A similar letter was penned by Carl and read to Negan over walkie talkie by Michonne, who wants Carl's last words heard by every letter recipient he wrote to.

"Maybe you think we're a lost cause and you just wanna kill all of us. I think you think you have to be who you are," Carl's letter to Negan reads.

"The way out is working together. It's forgiveness. It's believing there doesn't have to be a fight anymore because it doesn't. I hope my dad offers you peace. I hope you take it. I hope everything can change. It did for me."

Before signing off, Carl tells Negan to "start over," telling him "you still can."

A fed up and pissed off Negan told Michonne he would refuse surrender — even if Rick and company begged for it on their knees. Saying it will be done when they're all dead, Negan obliterated the walkie talkie.

Negan is moving forward with a plan meant to lead Rick and his people into a trap and totally annihilate them, eradicating the rebels Negan tried so hard to save.

Rick, having shed his murder jacket and its resulting bloodlust-ing persona after slaughtering a pack of escaped Savior POWs in a dive bar in 8x14, was ashamed when he caught an image of himself, caked in blood, reflected back at him in a cracked mirror.

He isn't on the path Carl wants him to take, but Rick's mindset seems to have shifted after turning to and finally reading Carl's last words.

Rick's betrayal and murder of the Saviors in 8x14 inspired him to read Carl's letter, tells executive producer Tom Luse, who said Rick "realizes that violence for violence's sake is not enough so he reaches out to Carl for guidance."

Since their first face-to-face in 7x01, after Negan brutally executed Abraham and Glenn, Rick has promised to kill Negan.

"I'm gonna kill you," Rick promised. "Not today, not tomorrow, but I'm gonna kill you."

Rick meant what he said when he spit those words again in 7x16 as he stared down a kiss from Lucille.

"I told you already, I'm gonna kill you.
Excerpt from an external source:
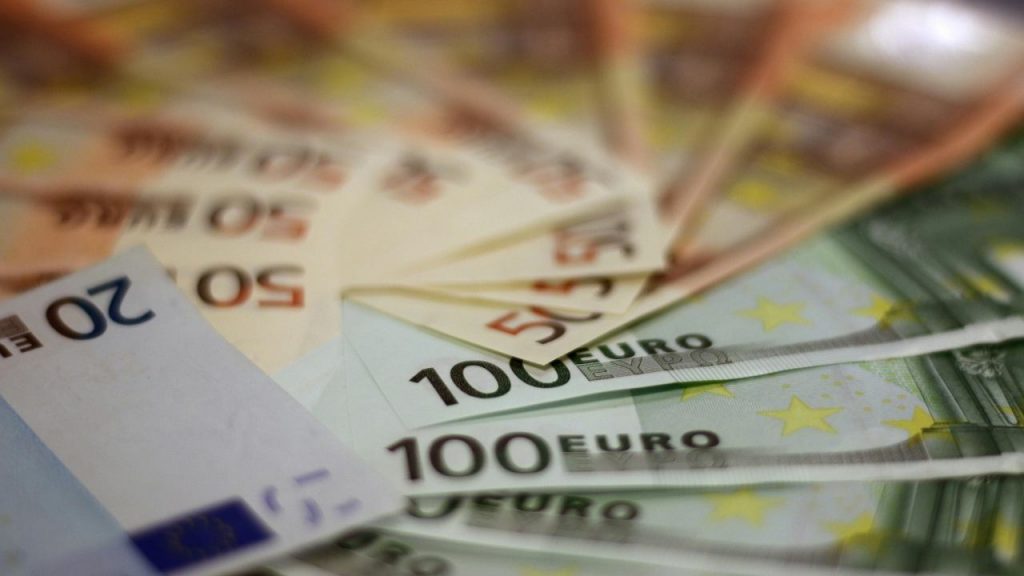 700 euro per chi ha superato i 67 anni - dentrolanotiziabreak.it - 20250909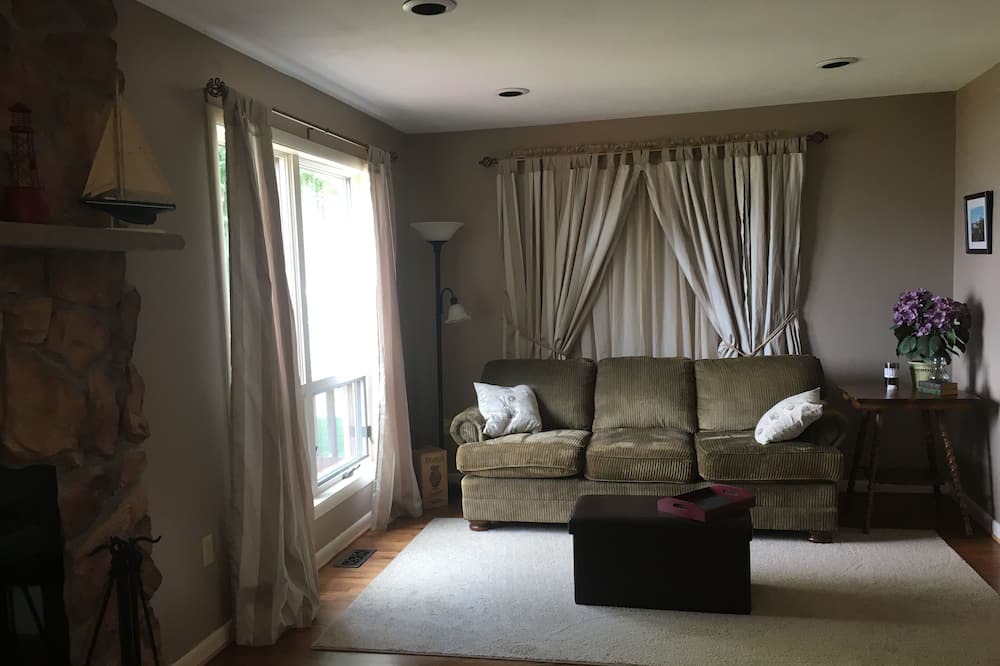 Photo of Livingroom in Bridgeport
All of you," Rick growled to Negan and his merry band of Saviors. "Maybe not today, maybe not tomorrow, but nothing is gonna change that. Nothing. You're all already dead."

But Rick's circumstances have changed: his dead son, with his dying wish, invoked in his father a path forward that isn't the simple bloody eradication of their enemies. There has to be something after.

Carl's dying visions of an idyllic future even included a reformed and smiley Negan, who gardens and gently interacts with a young Judith Grimes.

Rick made a simple promise to Carl on his deathbed: "I'll make it real. I will."

Long time fans of the television series might have a hard time seeing a situation where Rick forgives instead of kills, but the show has set Rick on a course mirroring that of his comic book counterpart:

In the comics, during a tense standoff with Negan outside the Hilltop's gates, Rick uses his words to appeal to Negan — convincing him the warring factions of survivors could carve out a future together instead of fighting.

"Let's do this right," comic book Rick tells comic book Negan. "Let's work together."

Negan asked if Rick was proposing the groups "hold hands and sing songs."

"I'm proposing you stop f—king everything up so that we can live," Rick said matter-of-factly, telling him the resisters are fighting for "a world without Negan."

Surprisingly, Rick's words got through to the villain, who then reconsidered his entire philosophy.

Now that Negan was on board and willing to shove aside his a—holery, Rick flashed a blade and swiftly slashed Negan's throat.

With Negan incapacitated and Dwight having assumed control of the Saviors, the war was over.

Later, visiting a wounded but alive Negan, Rick told him his plan for the future.

"We're going to undo all the damage you did... and with you out of the way, we're going to thrive," Rick said. "I'm going to keep you alive... I'm going to make you watch what we become so that you can see how wrong you were... how much you were holding us back."

"You're going to rot in jail until you die an old man, Negan," Rick told him. "You're f—ked."

Whether or not Rick follows this path in the television series remains to be seen, but executive producer Scott Gimple warned viewers the finale "might not be what people are expecting."

"It might not be what some of the characters even want," Gimple added, confirming the end of the war, but "it is a conclusion, and they have to deal with its aftermath."

The Walking Dead airs its extended season 8 finale Sunday, April 15 at 9/8c on AMC.